Go to this topic http://forum.avast.com/index.php?topic=53253.0 for information on Logs to assist in cleaning malware. Use the information about getting and using the logs and start your own new topic and attach the logs there, not in the LOGS topic.

The MBAM log shows “no action taken” for every malware instance it found. I interpret that to mean MBAM did not remove those infections.

I don’t have any problems at this point and didn’t mean to hijack, just hoping my information will help update Avast!. If I have any new issues, I’ll start a new thread.

It deleted all the noted files (I watched the desktop icon disappear in real time, and the other files are no longer there); not sure why it says “no action taken” in the log. Edit: it had apparently quarantined the files, not deleted them. I deleted them through MBAM this morning.

OK Guys. I tried MBAM 4 times and still won’t work and it was very confusing.

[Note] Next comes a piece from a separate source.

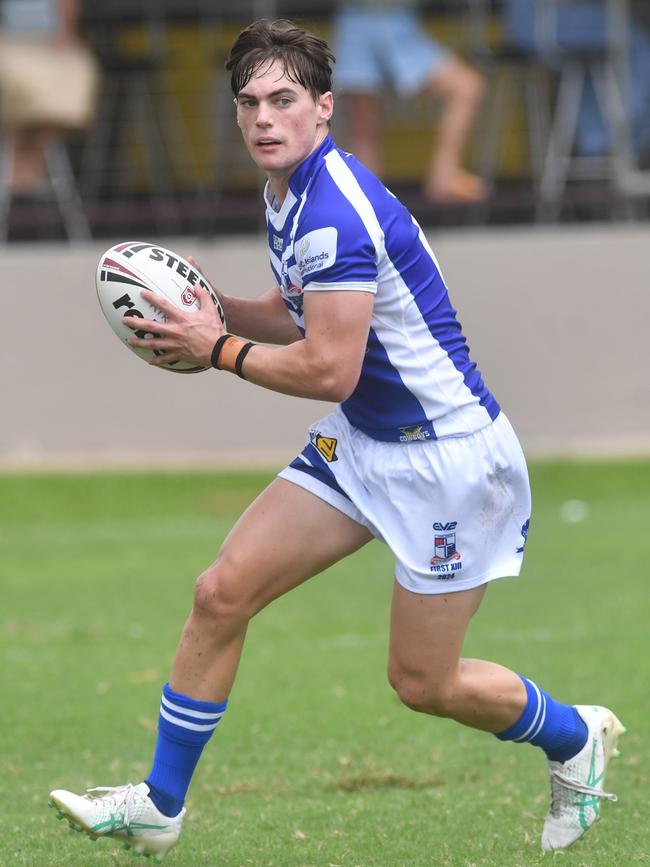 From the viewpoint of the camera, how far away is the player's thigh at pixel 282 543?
15.6 feet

I did end up removing it but it wasn’t free. At this stage it was well worth it, I didn’t want to lose all of my files plus I can’t afford a new computer.

I found this site and the have a very easy 3 step process to remove this cloud av 2012 virus.

Here it is: http://www.security-exchange.net/news/cloud-av-2012-virus/

I have since reinstalled my avast and my computer is working better than ever.

That site has a phone number to assist you if you run into any problems removing the virus too.

I hope this helps!

Good Luck!

I did end up removing it but it wasn't free.
yes...PC Tools spyware Doctor is not free

but here in the forum malware removal is free :wink:

Plus there are probably some residual files

I ran MBAM after the OTL and it reported no files detected/no action taken. There was a report file, but I was unable to figure out where it saved on my hard drive, so I have nothing to attach. I’ll run MBAM again tonight, but I’m thinking I’m cured. Being optimistic. Thanks.